The thing to remember when watching any of Bill Burr's comedy is that he's playing a heightened, exaggerated version of an angry white man.
In fact, the opening five or so minutes of 'Paper Tiger' sees him bursting out on stage and ripping into "PC culture", male feminists, and about a dozen more hot-button topics that'd launch a dozen thinkpieces. It's frustrating, it's designed to put you on the back foot, and very often, it's where people would just tune out or switch over because it's been done a hundred times before.

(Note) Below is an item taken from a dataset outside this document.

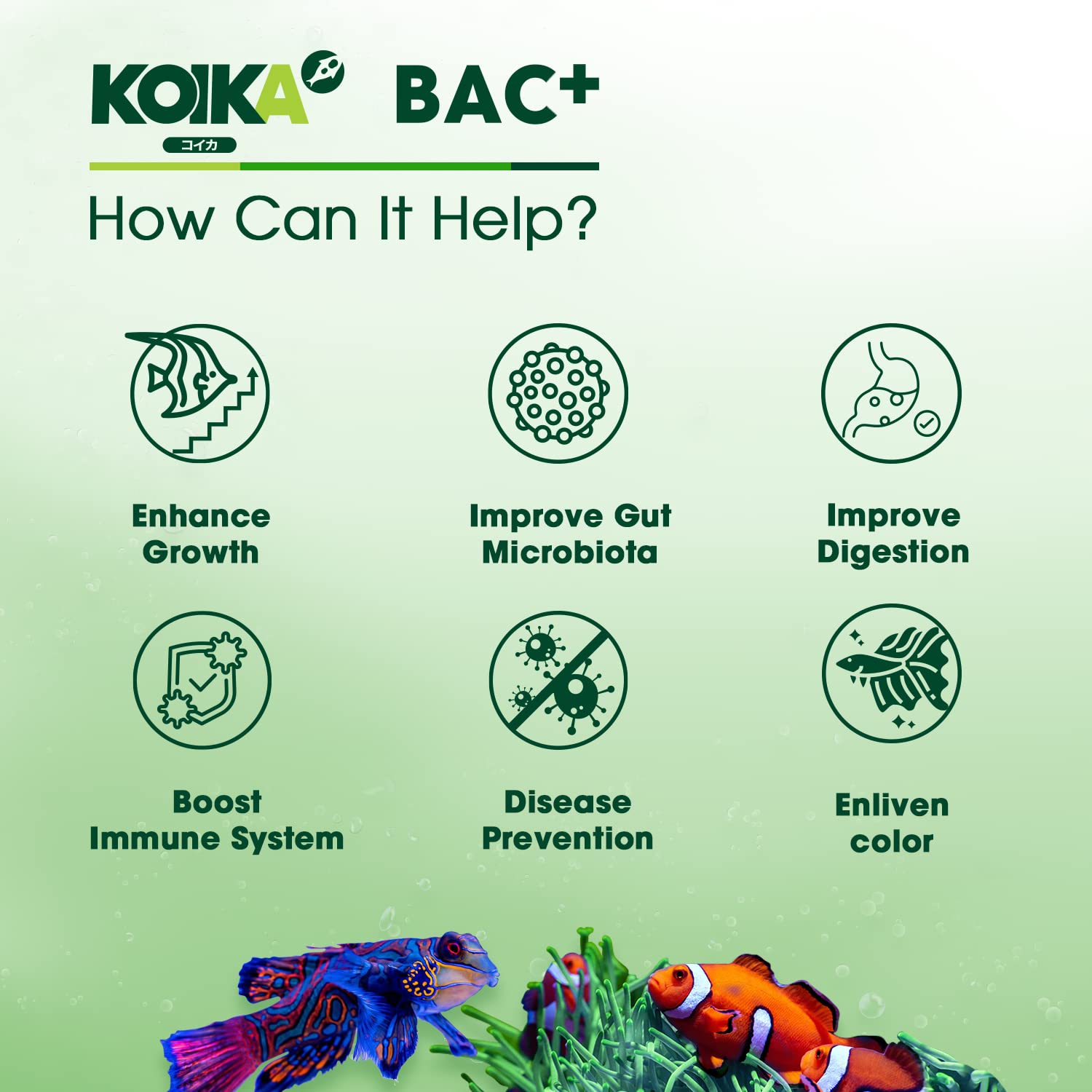 KOIKA BAC+ Powder Probiotics for Gut Health - Pleasant Smell, High Potency 50 Billion CFU, Immune System Support & Disease Resistance (2.82 oz) - Ideal for Travel, Daily Wellness & Pet Supplement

There's been a swathe of comedians launching off tirades about how comedy can't be comedy anymore, about being "triggered", about how you can't say anything more, and it's reached a stage now where it's just cliched. Bill Burr's too smart of a comedian to simply fall for that, and that's why 'Paper Tiger' might be his best work in years.

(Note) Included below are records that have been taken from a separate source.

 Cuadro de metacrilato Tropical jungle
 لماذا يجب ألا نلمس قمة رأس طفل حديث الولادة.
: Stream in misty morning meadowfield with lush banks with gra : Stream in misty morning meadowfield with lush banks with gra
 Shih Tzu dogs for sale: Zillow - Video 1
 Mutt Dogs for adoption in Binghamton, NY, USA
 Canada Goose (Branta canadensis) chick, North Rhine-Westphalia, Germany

As he chuckles when he fires off another inciting joke, the audience at the special and at home can almost see behind the cracks at a guy who knows what he's saying is bullshit, but he's doing it anyway. If you go past that facade, there's a lot of insight and a lot of humour. In fact, it's actually sweet. An extended part of 'Paper Tiger' is devoted to Burr talking about racism, and how he had to confront it in himself.
Burr, who's married to a black woman, discusses Elvis and his impact on musical culture and how it was appropriated from black musicians - in "his" own way, and no doubt how some of his audience would see it. By way of this, it also then serves to undermine the preconceived notions they might have and educate on these ideas and reject them. It's to his credit that he does all this without once verging into preachy-ness or polemic humour. It's done with a surprising amount of tenderness - an adjective you'd almost never expect to hear next to Bill Burr's name - but it works.
When he talks about his daughter and his wife, you can see that the facade that Burr's put up over the years is slowly beginning to dissolve, and as the title suggests, his blustering and his coarseness isn't actually all that threatening to begin with. It's simply from a place of ignorance that he's now attempting to move on from. It's a shame, then, that the special has already seen some far-right nutjobs latching on to it as a lightning rod for their views when it's absolutely not.
For example, another segment in the special discusses sexual assault. As you'd expect, Burr comes at it sideways and almost daring you to be repulsed, but when he digs into it, it actually talks about it in a sympathetic, moving way that doesn't belittle it nor does it make seem like there's any bile in his discussion. He's actively trying to understand it, and he's doing all of this because of his wife and daughter.
You could argue that the fact it took all this to change him isn't enough, but as he freely admits himself in the special, his wife "is always working" on him. When he talks about his anger issues, his ignorance, you can tell he's trying his best to better himself - even it starts from a position of ignorance. Compared to some other stand-up specials of late, or even just how you'd think Bill Burr is perceived in general, there's nothing in 'Paper Tiger' that comes across as mean-spirited.
If anything, it's actually more open-hearted than anything Burr has done in years. The special ends with him holding his daughter in his arms on stage. Beyond all the shouting and the baiting jokes, there's someone trying to learn and better themselves.